** SUPPLIED DATA follows **

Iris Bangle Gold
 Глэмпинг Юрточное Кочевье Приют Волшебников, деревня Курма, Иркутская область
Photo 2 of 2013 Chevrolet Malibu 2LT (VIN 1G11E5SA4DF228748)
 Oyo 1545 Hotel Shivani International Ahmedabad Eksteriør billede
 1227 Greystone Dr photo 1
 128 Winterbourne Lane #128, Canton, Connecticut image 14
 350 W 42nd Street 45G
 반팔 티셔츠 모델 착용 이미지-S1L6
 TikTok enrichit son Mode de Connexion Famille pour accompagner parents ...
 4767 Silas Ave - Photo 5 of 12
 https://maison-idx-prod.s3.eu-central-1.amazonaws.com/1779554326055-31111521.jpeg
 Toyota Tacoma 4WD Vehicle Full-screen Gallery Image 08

** End of SUPPLIED DATA **

YOUR TASK
Starting from the line that contains "1227 Greystone Dr photo 1", transcribe each line to the end of the records above. Please add nothing.

THE ANSWER
 1227 Greystone Dr photo 1
 128 Winterbourne Lane #128, Canton, Connecticut image 14
 350 W 42nd Street 45G
 반팔 티셔츠 모델 착용 이미지-S1L6
 TikTok enrichit son Mode de Connexion Famille pour accompagner parents ...
 4767 Silas Ave - Photo 5 of 12
 https://maison-idx-prod.s3.eu-central-1.amazonaws.com/1779554326055-31111521.jpeg
 Toyota Tacoma 4WD Vehicle Full-screen Gallery Image 08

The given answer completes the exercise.